Jean Béliveau et Émile Bouchard en avril 1968

On a aussi tendance à l’oublier, mais au moment où Bouchard se joint au Canadien, l’équipe ne compte que quatre Coupes Stanley, et aucune depuis 1931. Le défenseur en gagnera quatre, et prendra sa retraite en 1956, après la première de cinq conquêtes de suite des Montréalais.

« Au moment où il arrive, le Canadien se cherche une identité, mais le Québec francophone aussi, souligne Laprade. Des leaders francophones auxquels les gens pouvaient s’identifier, il n’y en avait pas une tonne. Il est devenu un de ces leaders positifs. »

La vie hors glace de Bouchard devrait aussi amener de l’eau au moulin. Apiculteur, propriétaire d’un célèbre restaurant, président des Royaux de Montréal pendant quatre ans, ami de Tommy LaSorda, fondateur de l’équipe de baseball des Ducs de Longueuil, échevin (conseiller municipal) de cette même ville…

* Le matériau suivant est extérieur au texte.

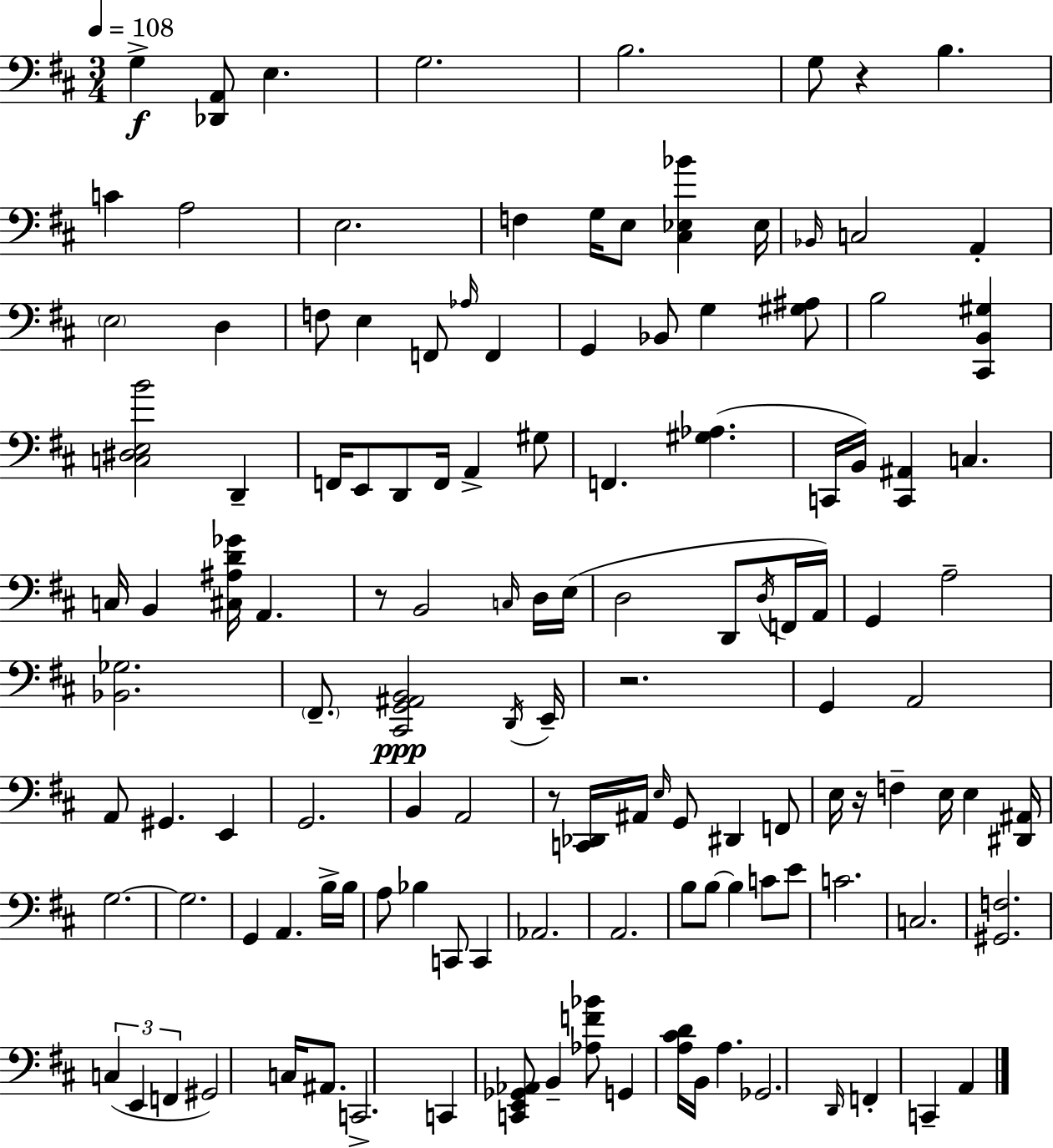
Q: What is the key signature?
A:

« Il était différent du joueur de hockey typique qui travaillait chez Molson l’été ou après sa carrière », ajoute l’auteur.

Appel à tous

Laprade ne s’en cache pas : raconter la vie d’un défunt est un défi, surtout quand plusieurs des contemporains du sujet sont également morts. C’est pourquoi la collaboration de la famille sera précieuse, tout comme celle des personnalités qui l’ont connu après sa carrière de joueur.

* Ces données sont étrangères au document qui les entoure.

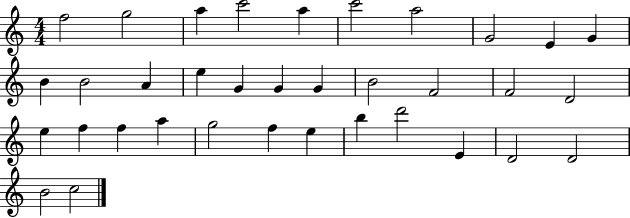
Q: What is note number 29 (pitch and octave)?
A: B5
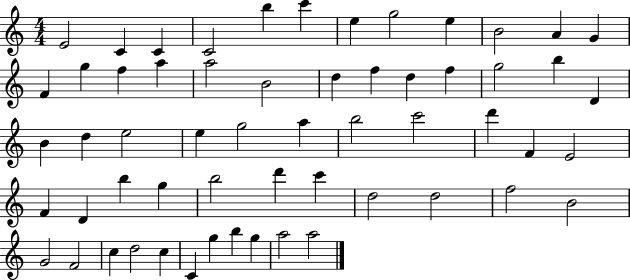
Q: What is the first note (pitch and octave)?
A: E4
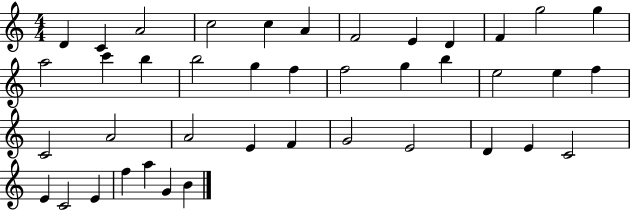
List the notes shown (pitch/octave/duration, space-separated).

D4/q C4/q A4/h C5/h C5/q A4/q F4/h E4/q D4/q F4/q G5/h G5/q A5/h C6/q B5/q B5/h G5/q F5/q F5/h G5/q B5/q E5/h E5/q F5/q C4/h A4/h A4/h E4/q F4/q G4/h E4/h D4/q E4/q C4/h E4/q C4/h E4/q F5/q A5/q G4/q B4/q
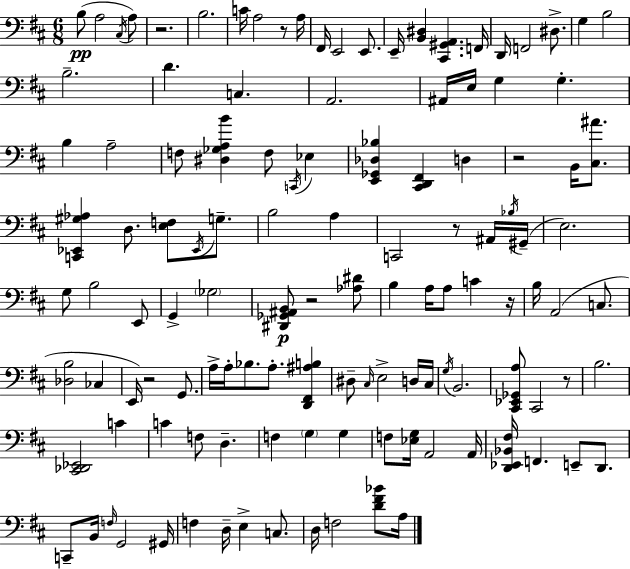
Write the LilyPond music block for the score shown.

{
  \clef bass
  \numericTimeSignature
  \time 6/8
  \key d \major
  \repeat volta 2 { b8(\pp a2 \acciaccatura { cis16 } a8) | r2. | b2. | c'16 a2 r8 | \break a16 fis,16 e,2 e,8. | e,16-- <b, dis>4 <cis, gis, a,>4. | f,16 d,16 f,2 dis8.-> | g4 b2 | \break b2.-- | d'4. c4. | a,2. | ais,16 e16 g4 g4.-. | \break b4 a2-- | f8 <dis ges a b'>4 f8 \acciaccatura { c,16 } ees4 | <e, ges, des bes>4 <cis, d, fis,>4 d4 | r2 b,16 <cis ais'>8. | \break <c, ees, gis aes>4 d8. <e f>8 \acciaccatura { ees,16 } | g8.-- b2 a4 | c,2 r8 | ais,16 \acciaccatura { bes16 }( gis,16-- e2.) | \break g8 b2 | e,8 g,4-> \parenthesize ges2 | <dis, ges, ais, b,>8\p r2 | <aes dis'>8 b4 a16 a8 c'4 | \break r16 b16 a,2( | c8. <des b>2 | ces4 e,16) r2 | g,8. a16-> a16-. bes8. a8.-. | \break <d, fis, ais b>4 dis8-- \grace { cis16 } e2-> | d16 cis16 \acciaccatura { g16 } b,2. | <cis, ees, ges, a>8 cis,2 | r8 b2. | \break <cis, des, ees,>2 | c'4 c'4 f8 | d4.-- f4 \parenthesize g4 | g4 f8 <ees g>16 a,2 | \break a,16 <d, ees, bes, fis>16 f,4. | e,8-- d,8. c,8-- b,16 \grace { f16 } g,2 | gis,16 f4 d16-- | e4-> c8. d16 f2 | \break <d' fis' bes'>8 a16 } \bar "|."
}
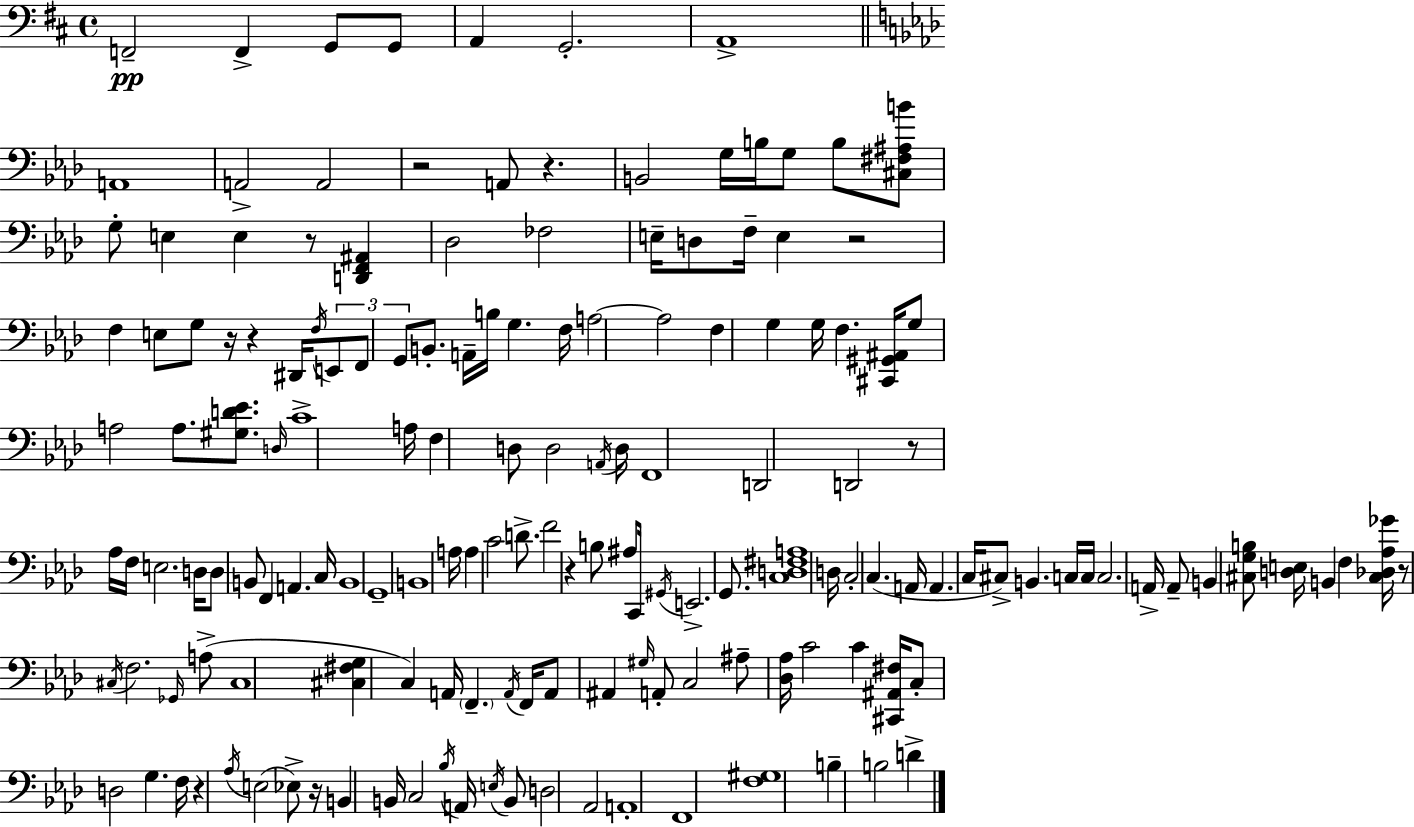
X:1
T:Untitled
M:4/4
L:1/4
K:D
F,,2 F,, G,,/2 G,,/2 A,, G,,2 A,,4 A,,4 A,,2 A,,2 z2 A,,/2 z B,,2 G,/4 B,/4 G,/2 B,/2 [^C,^F,^A,B]/2 G,/2 E, E, z/2 [D,,F,,^A,,] _D,2 _F,2 E,/4 D,/2 F,/4 E, z2 F, E,/2 G,/2 z/4 z ^D,,/4 F,/4 E,,/2 F,,/2 G,,/2 B,,/2 A,,/4 B,/4 G, F,/4 A,2 A,2 F, G, G,/4 F, [^C,,^G,,^A,,]/4 G,/2 A,2 A,/2 [^G,D_E]/2 D,/4 C4 A,/4 F, D,/2 D,2 A,,/4 D,/4 F,,4 D,,2 D,,2 z/2 _A,/4 F,/4 E,2 D,/4 D,/2 B,,/2 F,, A,, C,/4 B,,4 G,,4 B,,4 A,/4 A, C2 D/2 F2 z B,/2 ^A,/2 C,,/4 ^G,,/4 E,,2 G,,/2 [C,D,^F,A,]4 D,/4 C,2 C, A,,/4 A,, C,/4 ^C,/2 B,, C,/4 C,/4 C,2 A,,/4 A,,/2 B,, [^C,G,B,]/2 [D,E,]/4 B,, F, [^C,_D,_A,_G]/4 z/2 ^C,/4 F,2 _G,,/4 A,/2 ^C,4 [^C,^F,G,] C, A,,/4 F,, A,,/4 F,,/4 A,,/2 ^A,, ^G,/4 A,,/2 C,2 ^A,/2 [_D,_A,]/4 C2 C [^C,,^A,,^F,]/4 C,/2 D,2 G, F,/4 z _A,/4 E,2 _E,/2 z/4 B,, B,,/4 C,2 _B,/4 A,,/4 E,/4 B,,/2 D,2 _A,,2 A,,4 F,,4 [F,^G,]4 B, B,2 D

Et l’auteur n’a aucune gêne à faire un appel à tous, si des gens du grand public souhaitaient lui raconter des histoires sur Butch Bouchard.

PHOTO HUGO-SÉBASTIEN AUBERT, LA PRESSE

Patric Laprade lancera en 2022 une biographie d’Émile Butch Bouchard.

« La campagne qui avait été faite [par Ron Fournier et Jean Bouchard, un de ses fils] pour le retrait de son chandail va beaucoup m’aider. À cette époque-là, il restait encore pas mal de contemporains d’Émile, donc leurs témoignages ont été recueillis. Gordie Howe, Jean Béliveau et Henri Richard, par exemple, sont tous morts depuis.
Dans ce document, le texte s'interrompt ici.